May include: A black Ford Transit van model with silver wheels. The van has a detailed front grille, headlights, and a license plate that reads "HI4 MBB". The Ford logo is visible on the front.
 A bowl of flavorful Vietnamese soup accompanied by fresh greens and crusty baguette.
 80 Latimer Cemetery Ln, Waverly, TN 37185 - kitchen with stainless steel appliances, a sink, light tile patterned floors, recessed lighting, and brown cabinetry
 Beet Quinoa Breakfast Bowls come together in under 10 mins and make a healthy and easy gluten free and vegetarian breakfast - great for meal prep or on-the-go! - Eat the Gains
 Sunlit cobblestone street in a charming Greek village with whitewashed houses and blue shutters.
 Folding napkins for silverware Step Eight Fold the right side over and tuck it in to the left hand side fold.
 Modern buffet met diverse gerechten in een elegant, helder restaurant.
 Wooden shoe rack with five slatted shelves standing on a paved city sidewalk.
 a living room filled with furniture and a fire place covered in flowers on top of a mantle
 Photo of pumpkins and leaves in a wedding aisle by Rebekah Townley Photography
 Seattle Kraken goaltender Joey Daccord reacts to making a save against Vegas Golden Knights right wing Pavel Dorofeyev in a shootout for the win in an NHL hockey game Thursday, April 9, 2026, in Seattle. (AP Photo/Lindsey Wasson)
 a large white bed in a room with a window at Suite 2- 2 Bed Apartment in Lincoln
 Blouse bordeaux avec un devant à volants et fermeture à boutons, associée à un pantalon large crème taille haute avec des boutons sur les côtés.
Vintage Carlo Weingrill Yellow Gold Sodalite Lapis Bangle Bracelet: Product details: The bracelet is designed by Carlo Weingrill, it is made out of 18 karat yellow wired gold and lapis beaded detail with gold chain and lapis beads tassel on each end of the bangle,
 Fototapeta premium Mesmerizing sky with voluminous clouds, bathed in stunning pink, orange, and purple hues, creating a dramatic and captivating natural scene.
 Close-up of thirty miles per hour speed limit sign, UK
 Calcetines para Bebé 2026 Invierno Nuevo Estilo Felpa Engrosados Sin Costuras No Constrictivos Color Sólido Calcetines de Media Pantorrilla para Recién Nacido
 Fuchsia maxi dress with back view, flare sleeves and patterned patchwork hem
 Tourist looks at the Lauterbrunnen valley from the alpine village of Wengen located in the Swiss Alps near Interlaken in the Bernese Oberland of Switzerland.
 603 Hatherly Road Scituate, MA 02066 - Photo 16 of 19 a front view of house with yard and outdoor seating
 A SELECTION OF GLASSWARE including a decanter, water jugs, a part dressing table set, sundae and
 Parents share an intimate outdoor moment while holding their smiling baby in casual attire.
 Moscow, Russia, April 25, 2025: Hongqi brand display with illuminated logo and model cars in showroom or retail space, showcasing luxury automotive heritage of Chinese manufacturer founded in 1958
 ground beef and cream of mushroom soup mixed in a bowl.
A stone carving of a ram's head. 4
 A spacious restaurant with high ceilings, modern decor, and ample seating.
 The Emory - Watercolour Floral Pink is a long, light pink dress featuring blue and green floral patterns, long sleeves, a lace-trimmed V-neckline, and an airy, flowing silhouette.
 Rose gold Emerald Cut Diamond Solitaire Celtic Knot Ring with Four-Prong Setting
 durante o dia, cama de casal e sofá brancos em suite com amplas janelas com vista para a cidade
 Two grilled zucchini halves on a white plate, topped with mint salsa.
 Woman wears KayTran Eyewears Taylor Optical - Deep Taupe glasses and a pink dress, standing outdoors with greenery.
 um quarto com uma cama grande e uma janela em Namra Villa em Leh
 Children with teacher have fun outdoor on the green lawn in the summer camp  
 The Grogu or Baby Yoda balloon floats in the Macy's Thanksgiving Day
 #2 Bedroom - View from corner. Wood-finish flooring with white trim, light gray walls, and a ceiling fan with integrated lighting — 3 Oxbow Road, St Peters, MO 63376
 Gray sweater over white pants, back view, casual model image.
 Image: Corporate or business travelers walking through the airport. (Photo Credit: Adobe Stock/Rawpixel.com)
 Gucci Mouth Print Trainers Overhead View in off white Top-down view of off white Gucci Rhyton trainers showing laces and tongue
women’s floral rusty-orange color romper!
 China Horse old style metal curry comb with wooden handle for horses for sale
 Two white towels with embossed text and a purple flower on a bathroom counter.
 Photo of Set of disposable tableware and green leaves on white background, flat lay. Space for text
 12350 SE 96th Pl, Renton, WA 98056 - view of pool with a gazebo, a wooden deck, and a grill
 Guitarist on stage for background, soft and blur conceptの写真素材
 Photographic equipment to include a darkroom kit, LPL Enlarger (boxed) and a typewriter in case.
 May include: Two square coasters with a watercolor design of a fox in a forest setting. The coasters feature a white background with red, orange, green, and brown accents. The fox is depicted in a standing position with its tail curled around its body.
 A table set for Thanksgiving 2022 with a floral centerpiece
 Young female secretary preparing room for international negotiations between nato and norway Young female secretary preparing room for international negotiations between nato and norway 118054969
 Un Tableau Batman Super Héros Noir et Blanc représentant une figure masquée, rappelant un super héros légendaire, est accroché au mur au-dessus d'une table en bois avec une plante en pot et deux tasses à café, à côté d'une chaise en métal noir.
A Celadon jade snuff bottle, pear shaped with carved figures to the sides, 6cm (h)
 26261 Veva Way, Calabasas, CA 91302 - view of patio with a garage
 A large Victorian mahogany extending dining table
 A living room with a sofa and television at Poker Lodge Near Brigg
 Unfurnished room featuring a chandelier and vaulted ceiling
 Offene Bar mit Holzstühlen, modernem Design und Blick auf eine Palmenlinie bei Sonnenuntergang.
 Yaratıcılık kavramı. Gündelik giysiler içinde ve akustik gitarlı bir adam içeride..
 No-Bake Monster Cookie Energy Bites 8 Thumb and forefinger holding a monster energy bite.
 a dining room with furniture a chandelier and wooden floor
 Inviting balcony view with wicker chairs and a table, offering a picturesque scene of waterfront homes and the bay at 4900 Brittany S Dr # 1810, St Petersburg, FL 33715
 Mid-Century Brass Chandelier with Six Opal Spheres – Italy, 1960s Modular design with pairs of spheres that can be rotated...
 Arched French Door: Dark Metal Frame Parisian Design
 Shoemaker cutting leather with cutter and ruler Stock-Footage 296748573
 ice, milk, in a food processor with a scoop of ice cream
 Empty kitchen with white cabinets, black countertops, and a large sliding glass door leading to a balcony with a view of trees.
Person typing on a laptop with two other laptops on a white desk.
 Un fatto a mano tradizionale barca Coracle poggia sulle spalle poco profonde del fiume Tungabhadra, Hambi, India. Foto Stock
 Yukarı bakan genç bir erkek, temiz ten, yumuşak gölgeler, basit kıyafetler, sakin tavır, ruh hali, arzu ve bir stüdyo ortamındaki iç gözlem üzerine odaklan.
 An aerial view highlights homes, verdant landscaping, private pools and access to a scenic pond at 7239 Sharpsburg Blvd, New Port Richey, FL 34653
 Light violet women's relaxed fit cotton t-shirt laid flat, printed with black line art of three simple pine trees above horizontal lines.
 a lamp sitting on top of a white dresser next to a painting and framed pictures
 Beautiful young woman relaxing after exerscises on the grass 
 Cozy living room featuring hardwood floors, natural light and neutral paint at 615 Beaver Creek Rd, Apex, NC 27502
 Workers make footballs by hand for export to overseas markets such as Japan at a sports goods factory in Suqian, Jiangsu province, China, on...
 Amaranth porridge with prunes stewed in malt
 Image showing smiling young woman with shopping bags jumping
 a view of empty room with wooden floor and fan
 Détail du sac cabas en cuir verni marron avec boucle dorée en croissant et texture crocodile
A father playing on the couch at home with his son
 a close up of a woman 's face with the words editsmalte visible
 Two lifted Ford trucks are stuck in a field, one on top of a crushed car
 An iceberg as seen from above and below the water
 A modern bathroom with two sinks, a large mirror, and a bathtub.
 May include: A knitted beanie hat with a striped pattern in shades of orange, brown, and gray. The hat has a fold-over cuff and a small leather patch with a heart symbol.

▸ **PROBLEM TO SOLVE**
Nothing but the exact lines from the start of the material through the line holding "80 Latimer Cemetery", both included, belongs in the answer.

▸ **EXERCISE RESPONSE**
May include: A black Ford Transit van model with silver wheels. The van has a detailed front grille, headlights, and a license plate that reads "HI4 MBB". The Ford logo is visible on the front.
 A bowl of flavorful Vietnamese soup accompanied by fresh greens and crusty baguette.
 80 Latimer Cemetery Ln, Waverly, TN 37185 - kitchen with stainless steel appliances, a sink, light tile patterned floors, recessed lighting, and brown cabinetry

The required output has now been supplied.